Un cadre actualisé de gestion des risques offrira aux exploitations agricoles une plus grande stabilité en période de défis majeurs et d’incertitudes climatiques.

Selon l’association agricole italienne Coldiretti, l’une des mises à jour les plus importantes de la nouvelle PAC concerne le système de compensation agricole, qui vise à stabiliser les revenus tout en favorisant la durabilité. Près de 18 milliards d’euros sont consacrés au soutien direct des revenus agricoles.

Le plan vise également à élargir le champ des activités agricoles rurales afin de soutenir les revenus et de préserver le patrimoine rural. Il prévoit également des fonds pour l'agriculture et l'élevage durables et facilite l'accès des jeunes générations à la création d'entreprises agroalimentaires et à l'achat de terres.

Les jeunes générations bénéficieront également plus facilement de fonds destinés à encourager l'utilisation des dernières technologies et l'adoption des meilleures pratiques agricoles les plus modernes.

Selon les données de l'Institut des services pour le marché agricole et alimentaire (Ismea), on compte en Italie 11 agriculteurs de plus de 65 ans pour chaque agriculteur de moins de 40 ans.

Les agriculteurs qui réduisent leur impact environnemental en allant au-delà des exigences minimales de la politique de l'UE seront également récompensés par un fonds de 876 millions d'euros.

Dix-sept pour cent des fonds iront aux oléiculteurs qui préservent les oliviers classés monuments du patrimoine national et les paysages traditionnels. Les agriculteurs recevront 220 euros par hectare, à condition qu’ils prennent soin des oliviers sur leurs terres.

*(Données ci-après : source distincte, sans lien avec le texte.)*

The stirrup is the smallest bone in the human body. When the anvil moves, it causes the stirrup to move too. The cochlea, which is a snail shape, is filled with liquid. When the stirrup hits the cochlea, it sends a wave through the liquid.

Les exploitations de moins de 14 hectares, qui représentent une grande partie de la production alimentaire italienne, seront soutenues par un fonds de 350 millions d’euros par an. En Italie, 1,1 million d’exploitations ont une superficie inférieure à 11 hectares.

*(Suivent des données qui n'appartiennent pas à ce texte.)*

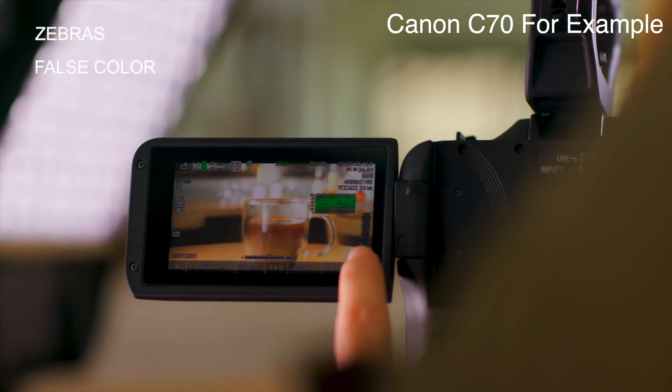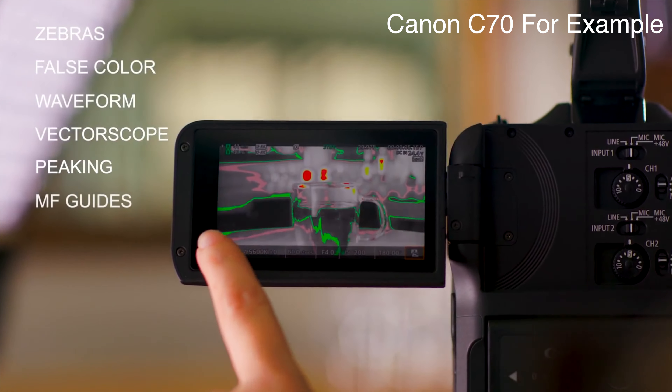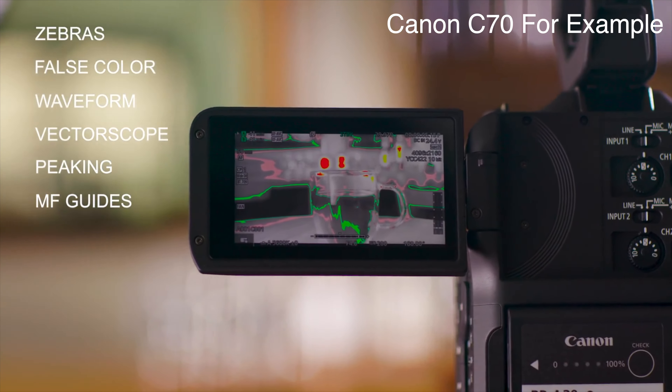Besides possible 4K RAW and S-Cinetone — which hopefully will come to the A7S3 too — what else can they do to differentiate? One thing I really hope they do, and I think they need to do, is add a much better, brighter screen to the back of the camera. If you're not going to have an EVF and this is a cinema camera, you really need a higher quality screen. They could also add false colors and waveforms that are usually found in cinema cameras or external recorders but not in the Sony A7S3 — that could be a big advantage.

Le plan prévoit également 20 millions d'euros pour financer la construction et la rénovation de réservoirs, ainsi que d'autres mesures visant à atténuer les effets de la sécheresse actuelle.

Le plan prévoit également des financements pour soutenir l'égalité des sexes dans les entreprises agricoles et agroalimentaires, promouvoir la sécurité au travail et faciliter l'accès aux connaissances agricoles.

Une série de mesures sera également mise en œuvre pour prévenir les pratiques de travail illégales et dangereuses et faciliter l'embauche de travailleurs saisonniers par les agriculteurs.

La majeure partie des fonds de la PAC destinés au plan stratégique national de l'Italie sera gérée par le biais de directives gouvernementales, actuellement en cours d'élaboration.

Depuis 1962, la PAC est l'une des principales politiques communes mises en œuvre par l'Union européenne. Environ un tiers du budget de l'UE est consacré à la PAC.

Au cours des cinq prochaines années, la PAC atteindra 387 milliards d'euros de dépenses totales. Quarante pour cent de ces fonds serviront à financer les stratégies de l'UE visant à lutter contre le changement climatique, qui recoupent également les politiques agricoles.